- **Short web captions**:
◇ ◇ ◇ ◇ ◇ ◇ ◇

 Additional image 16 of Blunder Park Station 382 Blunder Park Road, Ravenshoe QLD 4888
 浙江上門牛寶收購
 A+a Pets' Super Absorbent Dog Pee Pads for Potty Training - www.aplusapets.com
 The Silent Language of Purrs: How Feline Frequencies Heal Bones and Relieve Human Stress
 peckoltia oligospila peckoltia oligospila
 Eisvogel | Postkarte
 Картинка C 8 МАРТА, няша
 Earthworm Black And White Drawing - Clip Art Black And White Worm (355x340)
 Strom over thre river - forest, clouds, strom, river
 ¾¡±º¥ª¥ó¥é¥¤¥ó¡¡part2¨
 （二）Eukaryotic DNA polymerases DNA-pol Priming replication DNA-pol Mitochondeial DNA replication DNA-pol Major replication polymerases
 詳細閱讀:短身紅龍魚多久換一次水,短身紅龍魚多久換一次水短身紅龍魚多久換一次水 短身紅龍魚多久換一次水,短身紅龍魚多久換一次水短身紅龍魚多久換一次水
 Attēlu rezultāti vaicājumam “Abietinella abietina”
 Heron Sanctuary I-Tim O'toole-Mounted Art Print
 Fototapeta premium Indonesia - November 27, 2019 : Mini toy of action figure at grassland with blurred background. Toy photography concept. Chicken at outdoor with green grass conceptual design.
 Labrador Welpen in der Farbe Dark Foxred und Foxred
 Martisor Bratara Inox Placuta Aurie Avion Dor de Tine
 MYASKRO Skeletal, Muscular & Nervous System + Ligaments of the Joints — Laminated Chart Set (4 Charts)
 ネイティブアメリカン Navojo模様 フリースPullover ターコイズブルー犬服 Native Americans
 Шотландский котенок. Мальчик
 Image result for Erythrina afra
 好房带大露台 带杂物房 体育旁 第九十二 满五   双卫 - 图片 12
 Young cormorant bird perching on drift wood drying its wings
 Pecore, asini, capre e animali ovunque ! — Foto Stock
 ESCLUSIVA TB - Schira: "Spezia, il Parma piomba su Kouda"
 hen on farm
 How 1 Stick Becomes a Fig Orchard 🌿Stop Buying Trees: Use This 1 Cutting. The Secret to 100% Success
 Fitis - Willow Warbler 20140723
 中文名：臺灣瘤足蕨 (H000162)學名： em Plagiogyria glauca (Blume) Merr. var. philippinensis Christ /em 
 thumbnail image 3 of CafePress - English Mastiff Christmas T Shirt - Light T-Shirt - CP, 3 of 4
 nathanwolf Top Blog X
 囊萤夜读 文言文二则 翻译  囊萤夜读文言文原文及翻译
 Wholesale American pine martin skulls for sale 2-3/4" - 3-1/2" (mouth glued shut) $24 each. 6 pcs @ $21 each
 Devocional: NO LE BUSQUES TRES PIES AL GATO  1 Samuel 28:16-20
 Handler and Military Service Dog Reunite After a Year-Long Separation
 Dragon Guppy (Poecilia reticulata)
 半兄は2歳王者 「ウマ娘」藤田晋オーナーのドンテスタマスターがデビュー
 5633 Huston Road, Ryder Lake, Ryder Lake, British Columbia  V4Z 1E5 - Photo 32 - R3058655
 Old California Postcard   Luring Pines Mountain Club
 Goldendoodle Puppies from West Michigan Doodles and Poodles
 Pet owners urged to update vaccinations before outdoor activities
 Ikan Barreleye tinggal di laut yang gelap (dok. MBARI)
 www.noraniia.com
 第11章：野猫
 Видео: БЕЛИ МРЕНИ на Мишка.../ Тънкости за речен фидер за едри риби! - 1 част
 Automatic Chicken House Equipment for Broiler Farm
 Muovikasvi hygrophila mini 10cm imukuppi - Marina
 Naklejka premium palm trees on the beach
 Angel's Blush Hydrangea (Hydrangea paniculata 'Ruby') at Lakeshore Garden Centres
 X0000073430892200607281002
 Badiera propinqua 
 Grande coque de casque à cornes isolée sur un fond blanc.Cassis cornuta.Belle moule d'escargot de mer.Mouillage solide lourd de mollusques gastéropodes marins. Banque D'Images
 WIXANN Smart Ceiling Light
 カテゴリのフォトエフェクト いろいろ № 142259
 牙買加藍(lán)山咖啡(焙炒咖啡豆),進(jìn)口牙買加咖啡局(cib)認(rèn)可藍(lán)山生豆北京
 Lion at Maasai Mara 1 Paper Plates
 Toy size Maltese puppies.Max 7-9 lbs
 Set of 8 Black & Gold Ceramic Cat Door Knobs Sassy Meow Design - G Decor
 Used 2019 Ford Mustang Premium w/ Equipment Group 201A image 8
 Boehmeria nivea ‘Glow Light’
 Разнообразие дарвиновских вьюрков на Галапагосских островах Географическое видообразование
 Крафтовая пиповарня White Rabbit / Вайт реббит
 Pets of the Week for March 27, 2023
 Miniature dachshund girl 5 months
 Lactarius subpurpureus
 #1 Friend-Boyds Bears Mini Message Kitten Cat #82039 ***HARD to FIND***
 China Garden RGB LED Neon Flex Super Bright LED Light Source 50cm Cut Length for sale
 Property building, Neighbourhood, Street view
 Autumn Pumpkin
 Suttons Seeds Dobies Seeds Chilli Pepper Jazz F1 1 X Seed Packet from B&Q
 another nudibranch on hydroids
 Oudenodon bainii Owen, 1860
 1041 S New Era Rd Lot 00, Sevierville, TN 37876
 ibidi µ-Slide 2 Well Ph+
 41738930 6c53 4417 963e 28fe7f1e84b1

◇ ◇ ◇ ◇ ◇ ◇ ◇

- **Work to be completed**:
What is needed is an exact printout of every line from the one with "Used 2019 Ford" through the end of the data, including both, and nothing more.

- **Answer to the exercise**:
 Used 2019 Ford Mustang Premium w/ Equipment Group 201A image 8
 Boehmeria nivea ‘Glow Light’
 Разнообразие дарвиновских вьюрков на Галапагосских островах Географическое видообразование
 Крафтовая пиповарня White Rabbit / Вайт реббит
 Pets of the Week for March 27, 2023
 Miniature dachshund girl 5 months
 Lactarius subpurpureus
 #1 Friend-Boyds Bears Mini Message Kitten Cat #82039 ***HARD to FIND***
 China Garden RGB LED Neon Flex Super Bright LED Light Source 50cm Cut Length for sale
 Property building, Neighbourhood, Street view
 Autumn Pumpkin
 Suttons Seeds Dobies Seeds Chilli Pepper Jazz F1 1 X Seed Packet from B&Q
 another nudibranch on hydroids
 Oudenodon bainii Owen, 1860
 1041 S New Era Rd Lot 00, Sevierville, TN 37876
 ibidi µ-Slide 2 Well Ph+
 41738930 6c53 4417 963e 28fe7f1e84b1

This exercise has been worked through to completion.